Stories, for me, are like strings that weave human experiences together – they allow us to share our humanity and at the same time show us countless possibilities. Lisa Bu, in her TED Talk entitled How Books Can Open Your Mind, said:
“Books have given me a magic portal to connect with people of the past and the present. I know I shall never feel lonely or powerless again. Having a dream shattered really is nothing compared to what many others have suffered. I have come to believe that coming true is not the only purpose of a dream. Its most important purpose is to get us in touch with where dreams come from, where passion comes from, where happiness comes from. Even a shattered dream can do that for you.“
This is probably the gift I want to leave with my students – to get in touch with their dreams and how to make them come true. I believe the best way I could do this is by sharing stories with them and sharing their stories to everyone.
Our class goal is: Kayang-kaya kong abutin ang 100%! (I can reach 100%!). This doesn’t translate to just their scores but it also means doing their best in everything they do. Working with children in the lower sections means being with those who have been labeled as low achievers, balik-aral (students who stopped studying and went back to school after x number of years), non-readers, troublemakers, and the labels go on.
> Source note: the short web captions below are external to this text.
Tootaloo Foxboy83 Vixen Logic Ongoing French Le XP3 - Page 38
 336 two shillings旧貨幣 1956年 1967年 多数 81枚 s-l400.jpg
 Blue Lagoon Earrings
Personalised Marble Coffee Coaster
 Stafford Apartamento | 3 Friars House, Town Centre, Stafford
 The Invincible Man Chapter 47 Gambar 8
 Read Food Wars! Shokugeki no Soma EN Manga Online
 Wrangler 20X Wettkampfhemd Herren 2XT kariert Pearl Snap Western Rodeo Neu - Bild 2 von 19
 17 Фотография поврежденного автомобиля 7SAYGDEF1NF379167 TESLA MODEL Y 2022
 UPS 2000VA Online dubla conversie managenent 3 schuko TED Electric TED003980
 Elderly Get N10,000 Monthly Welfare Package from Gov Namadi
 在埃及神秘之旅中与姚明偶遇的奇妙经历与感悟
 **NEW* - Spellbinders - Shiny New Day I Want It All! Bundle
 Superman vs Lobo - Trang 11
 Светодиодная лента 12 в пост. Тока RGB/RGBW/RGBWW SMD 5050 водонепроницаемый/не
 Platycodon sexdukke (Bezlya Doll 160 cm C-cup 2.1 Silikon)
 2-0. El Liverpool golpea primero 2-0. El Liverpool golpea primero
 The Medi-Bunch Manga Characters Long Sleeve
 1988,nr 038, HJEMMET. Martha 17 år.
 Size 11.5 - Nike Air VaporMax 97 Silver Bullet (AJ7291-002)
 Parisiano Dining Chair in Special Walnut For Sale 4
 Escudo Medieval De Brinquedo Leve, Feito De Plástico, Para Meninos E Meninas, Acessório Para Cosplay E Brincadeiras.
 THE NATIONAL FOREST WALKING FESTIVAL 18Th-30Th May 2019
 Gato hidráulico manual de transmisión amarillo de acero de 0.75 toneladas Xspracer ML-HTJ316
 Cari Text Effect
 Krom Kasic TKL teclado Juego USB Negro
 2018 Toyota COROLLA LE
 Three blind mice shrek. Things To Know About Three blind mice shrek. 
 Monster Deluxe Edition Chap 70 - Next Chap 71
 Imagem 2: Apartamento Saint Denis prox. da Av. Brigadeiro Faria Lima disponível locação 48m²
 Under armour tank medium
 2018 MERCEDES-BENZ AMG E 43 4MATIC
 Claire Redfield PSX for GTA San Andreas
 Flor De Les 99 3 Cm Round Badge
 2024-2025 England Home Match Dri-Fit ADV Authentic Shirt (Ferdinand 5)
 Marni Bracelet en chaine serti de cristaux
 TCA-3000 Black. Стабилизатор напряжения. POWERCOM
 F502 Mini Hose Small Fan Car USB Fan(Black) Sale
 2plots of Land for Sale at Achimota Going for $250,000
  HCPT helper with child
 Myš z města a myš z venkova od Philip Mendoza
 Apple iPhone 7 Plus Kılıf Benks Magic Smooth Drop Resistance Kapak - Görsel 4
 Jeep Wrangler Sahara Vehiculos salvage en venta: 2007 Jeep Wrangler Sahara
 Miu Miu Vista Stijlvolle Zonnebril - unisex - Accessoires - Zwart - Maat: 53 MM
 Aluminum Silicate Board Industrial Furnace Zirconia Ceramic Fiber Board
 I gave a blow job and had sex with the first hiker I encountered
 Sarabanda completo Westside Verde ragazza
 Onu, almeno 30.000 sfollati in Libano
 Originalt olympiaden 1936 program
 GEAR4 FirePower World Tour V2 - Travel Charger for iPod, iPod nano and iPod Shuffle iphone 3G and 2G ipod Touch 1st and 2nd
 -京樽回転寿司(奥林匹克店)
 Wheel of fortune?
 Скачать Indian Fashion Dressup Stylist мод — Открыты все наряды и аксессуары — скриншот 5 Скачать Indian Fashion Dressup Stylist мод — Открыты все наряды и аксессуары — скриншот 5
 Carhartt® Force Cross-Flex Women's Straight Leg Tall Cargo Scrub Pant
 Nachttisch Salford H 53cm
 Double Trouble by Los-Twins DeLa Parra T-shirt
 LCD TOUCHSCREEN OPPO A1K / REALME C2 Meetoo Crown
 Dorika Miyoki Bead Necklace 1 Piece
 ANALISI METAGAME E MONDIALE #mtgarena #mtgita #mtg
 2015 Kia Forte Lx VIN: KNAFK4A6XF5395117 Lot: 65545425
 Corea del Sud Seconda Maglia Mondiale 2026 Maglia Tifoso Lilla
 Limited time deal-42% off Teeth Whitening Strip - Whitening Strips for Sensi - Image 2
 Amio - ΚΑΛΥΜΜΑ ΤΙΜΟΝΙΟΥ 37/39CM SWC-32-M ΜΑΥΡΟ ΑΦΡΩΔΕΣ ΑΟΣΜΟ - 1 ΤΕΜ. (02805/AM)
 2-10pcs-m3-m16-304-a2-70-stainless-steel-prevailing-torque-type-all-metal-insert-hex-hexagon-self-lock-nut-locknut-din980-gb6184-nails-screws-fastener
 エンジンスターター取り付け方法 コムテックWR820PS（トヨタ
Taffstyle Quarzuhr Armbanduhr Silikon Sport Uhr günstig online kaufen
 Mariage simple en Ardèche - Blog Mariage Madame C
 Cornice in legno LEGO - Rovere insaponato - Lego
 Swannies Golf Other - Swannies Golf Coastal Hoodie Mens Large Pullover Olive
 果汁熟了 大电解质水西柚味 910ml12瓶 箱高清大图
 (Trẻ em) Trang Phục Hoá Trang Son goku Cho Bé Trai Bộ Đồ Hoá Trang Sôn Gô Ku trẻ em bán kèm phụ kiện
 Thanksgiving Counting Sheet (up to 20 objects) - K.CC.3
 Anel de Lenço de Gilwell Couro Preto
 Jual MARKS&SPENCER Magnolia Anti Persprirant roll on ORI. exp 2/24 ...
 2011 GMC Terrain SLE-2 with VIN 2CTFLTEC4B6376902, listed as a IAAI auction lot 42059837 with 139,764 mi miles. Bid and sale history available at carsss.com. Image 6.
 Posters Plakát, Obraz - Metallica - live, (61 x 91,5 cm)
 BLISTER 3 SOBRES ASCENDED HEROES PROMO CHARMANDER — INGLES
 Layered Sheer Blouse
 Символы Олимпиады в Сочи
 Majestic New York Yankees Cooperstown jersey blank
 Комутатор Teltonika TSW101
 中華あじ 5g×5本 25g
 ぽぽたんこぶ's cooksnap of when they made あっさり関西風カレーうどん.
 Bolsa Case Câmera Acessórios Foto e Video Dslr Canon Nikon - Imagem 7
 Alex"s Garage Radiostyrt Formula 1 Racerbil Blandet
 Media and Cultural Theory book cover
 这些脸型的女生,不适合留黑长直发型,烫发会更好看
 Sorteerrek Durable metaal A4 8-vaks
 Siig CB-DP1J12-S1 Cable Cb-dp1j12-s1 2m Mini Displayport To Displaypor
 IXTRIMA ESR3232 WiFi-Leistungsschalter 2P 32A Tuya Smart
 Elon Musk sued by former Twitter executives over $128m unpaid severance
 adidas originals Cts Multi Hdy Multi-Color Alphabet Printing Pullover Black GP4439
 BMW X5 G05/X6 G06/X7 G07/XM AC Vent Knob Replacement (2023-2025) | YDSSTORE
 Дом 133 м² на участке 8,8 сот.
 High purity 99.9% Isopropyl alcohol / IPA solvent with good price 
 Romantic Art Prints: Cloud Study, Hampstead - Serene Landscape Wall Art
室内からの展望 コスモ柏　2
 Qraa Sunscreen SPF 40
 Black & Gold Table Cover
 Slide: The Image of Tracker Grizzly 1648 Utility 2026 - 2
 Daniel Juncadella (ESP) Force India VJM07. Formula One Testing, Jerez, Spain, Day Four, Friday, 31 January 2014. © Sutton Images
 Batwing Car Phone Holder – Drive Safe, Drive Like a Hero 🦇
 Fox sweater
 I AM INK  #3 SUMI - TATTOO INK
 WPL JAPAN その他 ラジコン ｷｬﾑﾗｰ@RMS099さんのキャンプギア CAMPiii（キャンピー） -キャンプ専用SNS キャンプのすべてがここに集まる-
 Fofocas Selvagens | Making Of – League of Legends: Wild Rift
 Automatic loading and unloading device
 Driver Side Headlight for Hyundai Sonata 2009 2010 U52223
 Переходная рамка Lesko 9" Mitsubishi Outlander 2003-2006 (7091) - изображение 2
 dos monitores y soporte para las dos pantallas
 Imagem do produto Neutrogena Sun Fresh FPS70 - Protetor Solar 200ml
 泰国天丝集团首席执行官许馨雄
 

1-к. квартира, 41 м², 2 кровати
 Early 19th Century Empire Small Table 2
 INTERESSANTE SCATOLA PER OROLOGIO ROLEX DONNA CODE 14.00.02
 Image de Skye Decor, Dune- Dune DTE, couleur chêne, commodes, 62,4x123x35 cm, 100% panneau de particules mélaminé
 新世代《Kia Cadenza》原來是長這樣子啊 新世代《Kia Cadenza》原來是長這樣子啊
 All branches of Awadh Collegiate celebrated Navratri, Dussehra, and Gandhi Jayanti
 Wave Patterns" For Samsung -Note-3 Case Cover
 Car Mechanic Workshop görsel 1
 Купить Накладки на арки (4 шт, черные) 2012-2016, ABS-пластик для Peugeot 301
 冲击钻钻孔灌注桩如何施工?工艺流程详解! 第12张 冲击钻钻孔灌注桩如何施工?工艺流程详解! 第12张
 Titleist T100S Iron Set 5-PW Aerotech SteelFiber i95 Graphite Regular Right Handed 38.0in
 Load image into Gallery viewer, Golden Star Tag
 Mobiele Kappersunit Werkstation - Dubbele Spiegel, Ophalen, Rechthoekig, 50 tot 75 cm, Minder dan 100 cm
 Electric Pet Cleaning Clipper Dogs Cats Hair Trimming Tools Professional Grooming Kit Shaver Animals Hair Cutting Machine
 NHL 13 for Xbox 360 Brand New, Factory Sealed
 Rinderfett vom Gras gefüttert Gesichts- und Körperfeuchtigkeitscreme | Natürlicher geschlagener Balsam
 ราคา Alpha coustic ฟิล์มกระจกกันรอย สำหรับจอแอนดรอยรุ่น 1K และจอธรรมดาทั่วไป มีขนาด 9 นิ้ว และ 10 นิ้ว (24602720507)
Changing their current mindset about what they can and cannot do is definitely challenging.
As a class, we have decided that we want to work towards this goal and that we want to share our story about it. An amused student said, “Ma’am, sana sumikat ang kwento natin! (Ma’am, I hope our story becomes famous.)” And in my head, the lingering thought was – why not?
Starting last week, we’ve documented what we’ve done in the classroom so far to reach 100%:
Even if my students are struggling to write, I wanted them to share in the experience – I would take their pictures and ask them to come up with the words to accompany the photos. In this way, we are all authors of the same story.
How can YOU be a part of their story?
Many of you have expressed your support – whether it is through words of encouragement or tangible materials, the kids and I are very grateful. They know about you and I tell them that many of you are excited to see what they can become at the end of the year. I think that in some way, it does lift their spirits to know that there are people outside rooting for them.
But like I said in my previous post, there are many ways to help and share in this experience – Kayang-kaya natin abutin ang 100%!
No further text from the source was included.